Capsicum adds a replacement for fork() called pdfork(), which returns a process descriptor (a new type of FD) rather than a PID. Similarly, there are replacements for wait() and kill() -- pdwait() and pdkill() -- which take FDs as arguments instead of PIDs.

The reason for the new interface is that kill() is not safe to allow in Capsicum's sandbox, because it provides ambient authority: it looks up its PID argument in a global namespace.

But even if you ignore sandboxing issues, this new interface is a significant improvement on POSIX process management:

  1. It allows the ability to wait on a process to be delegated to another process. In contrast, with wait()/waitpid(), a process's exit status can only be read by the process's parent.
  2. Process descriptors can be used with poll(). This avoids the awkwardness of having to use SIGCHLD, which doesn't work well if multiple libraries within the same process want to wait() for child processes.
  3. It gets rid of the race condition associated with kill(). Sending a signal to a PID is dodgy because the original process with this PID could have exited, and the kernel could have recycled the PID for an unrelated process, especially on a system where processes are spawned and exit frequently.

    kill() is only really safe when used by a parent process on its child, and only when the parent makes sure to use it before wait() has returned the child's exit status. pdkill() gets rid of this problem.

  4. In future, process descriptors can be extended to provide access to the process's internal state for debugging purposes, e.g. for reading registers and memory, or modifying memory mappings or the FD table. This would be an improvement on Linux's ptrace() interface.

However, there is one aspect of Capsicum's process descriptors that I think was a mistake: Dropping the process descriptor for a process causes the kernel to kill it. (By this I mean that if there are no more references to the process descriptor, because they have been close()'d or because the processes holding them have exited, the kernel will terminate the process.)

The usual principle of garbage collection in programming languages is that GC should not affect the observable behaviour of the program (except for resource usage). Capsicum's kill-on-close() behaviour violates that principle.

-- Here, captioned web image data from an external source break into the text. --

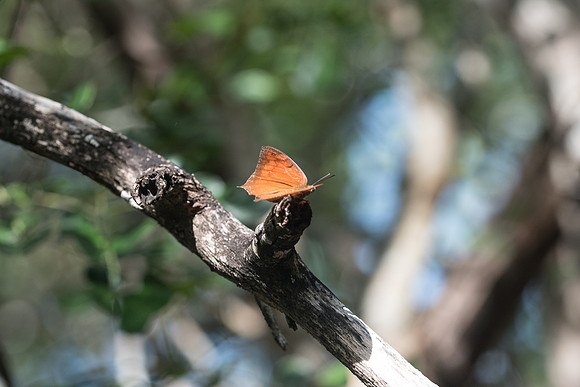 Anaea aidea-6417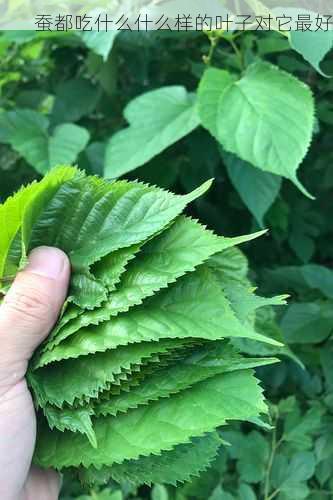 蚕都吃什么什么样的叶子对它最好第2张-蔬菜基地绿色种植产业带 蚕都吃什么什么样的叶子对它最好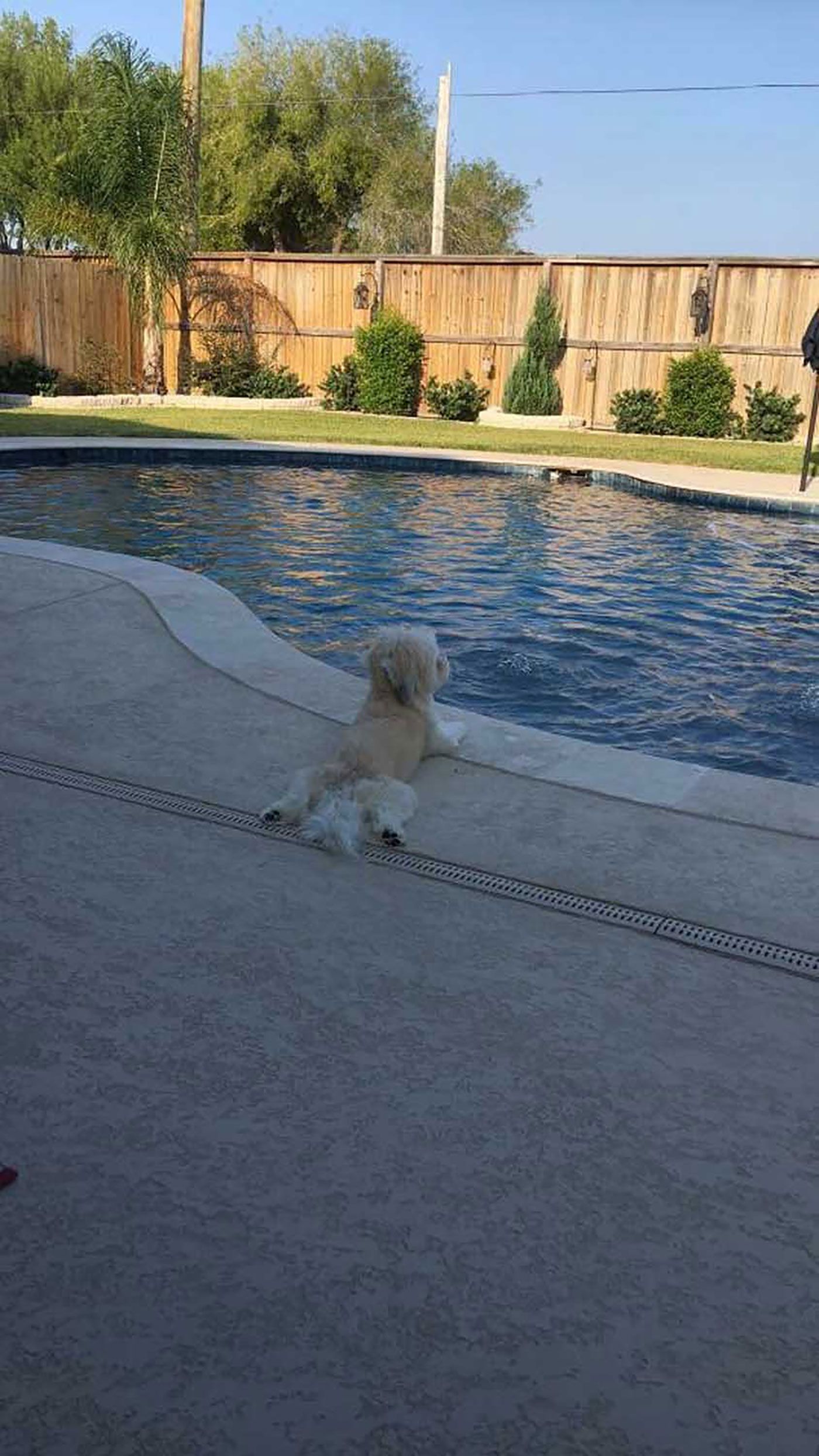 A dog is sitting on the edge of a swimming pool.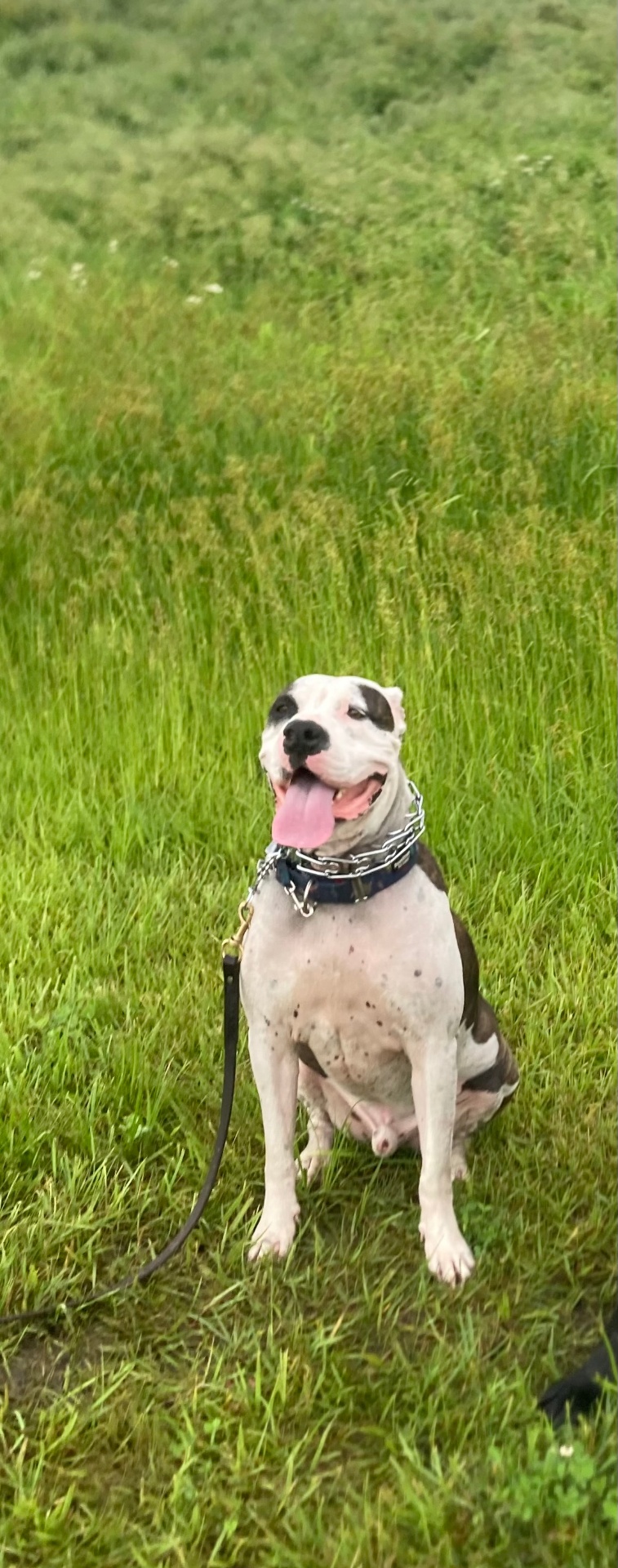 A rescue dog sitting in a grass field, smiling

kill-on-close() is based on the assumption that the launcher of a subprocess always wants to check the subprocess's exit status. But this is not always the case. Exit status is just one communications channel, but not one we always care about. It's common to launch a process to communicate with it via IPC without wanting to have to wait() for it. (Double fork()ing is a way to do this in POSIX without leaving a zombie process.) Many processes are fire-and-forget.

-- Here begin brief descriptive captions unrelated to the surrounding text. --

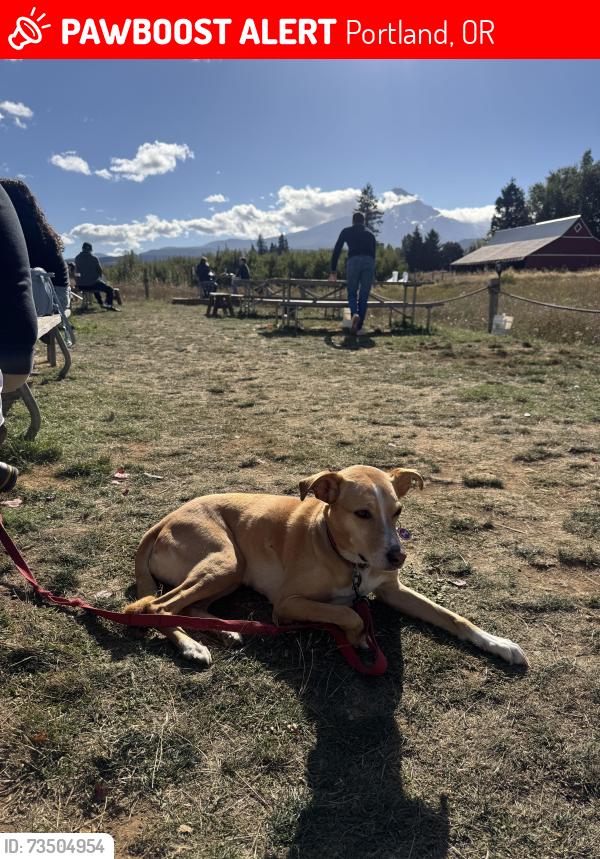 Lost Female Dog last seen Killingsworth and 30th, Portland, OR 97211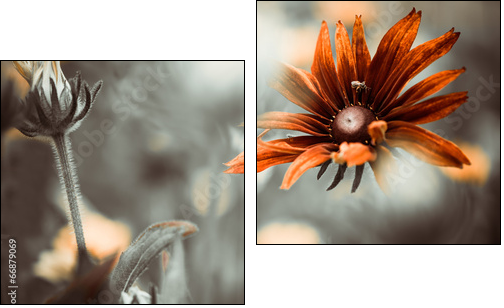 colorful flower - Two-piece canvas print, Diptych
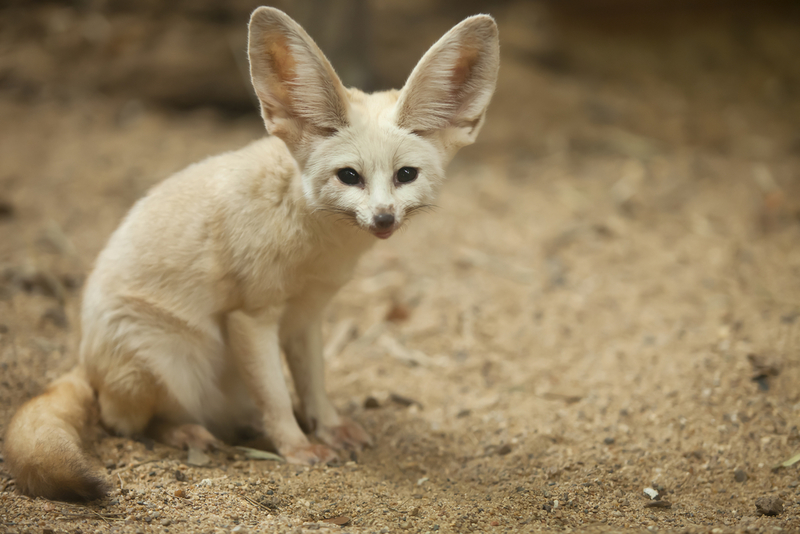 Fennec Foxes and Why They Call the Desert Home | Shutterstock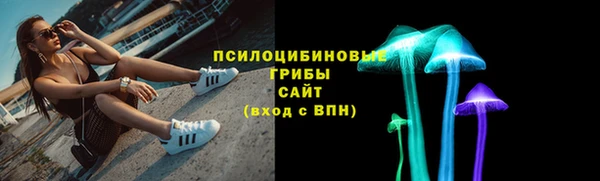 мяу мяу мука Белокуриха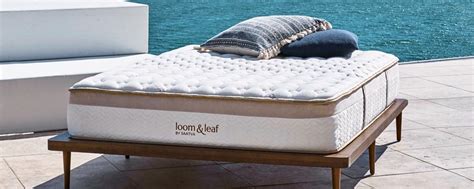 The following companies are our partners in mattresses: 11 Organic Latex Mattress Brands That Promise You Sweet Dreams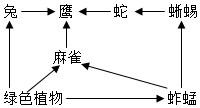 菁優(yōu)網(wǎng)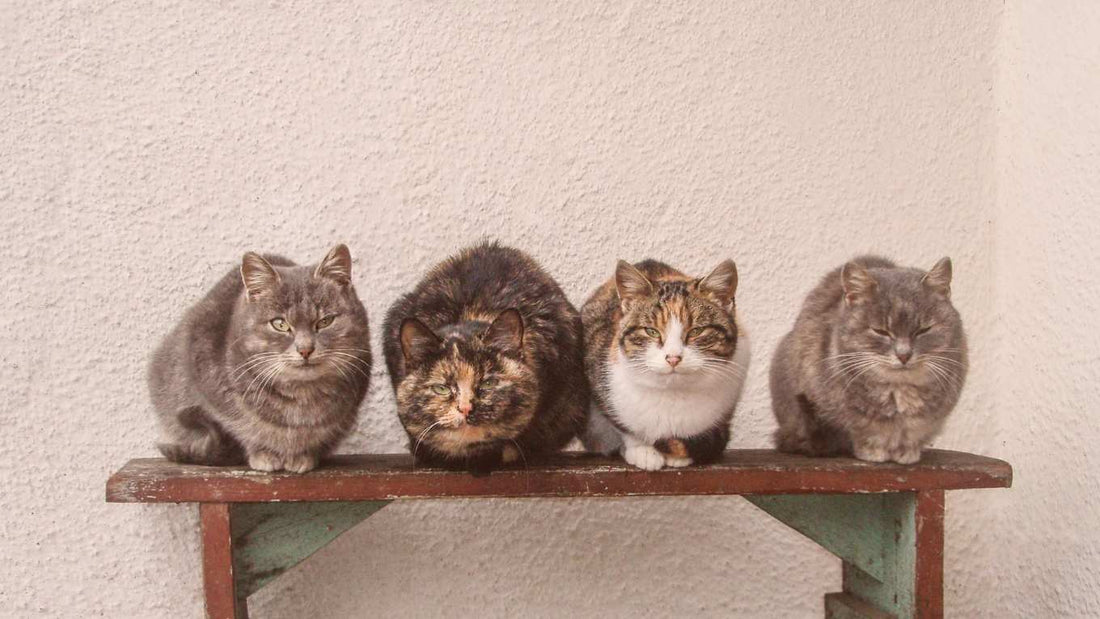 Stress Reduction Tips for Multi-Cat Households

The situation is analogous for threads. pthreads provides pthread_detach() and PTHREAD_CREATE_DETACHED as a way to launch a thread without having to pthread_join() it.

In Python, when you create a thread, you get a Thread object back, but if the Thread object is GC'd the thread won't be killed. In fact, finalisation of a thread object is implemented using pthread_detach() on Unix.

I know of one language implementation that (as I recall) will GC threads, Mozart/Oz, but this only happens when a thread can have no further observable effects. In Oz, if a thread blocks waiting for the resolution of a logic variable that can never be resolved (because no other thread holds a reference to it), then the thread can be GC'd. So deadlocked threads can be GC'd just fine. Similarly, if a thread holds no communications channels to the outside world, it can be GC'd safely.

Admittedly, Unix already violates this GC principle by the finalisation of pipe FDs and socket FDs, because dropping one endpoint of the socket/pipe pair is visible as an EOF condition on the other endpoint. However, this is usually used to free up resources or to unblock a process that would otherwise fail to make progress. Dropping a process descriptor would halt progress -- the opposite. Socket/pipe EOF can be used to do this too, but it is less common, and I'm not sure we should encourage this.

However, aside from this complaint, process descriptors are a good idea. It would be good to see them implemented in Linux.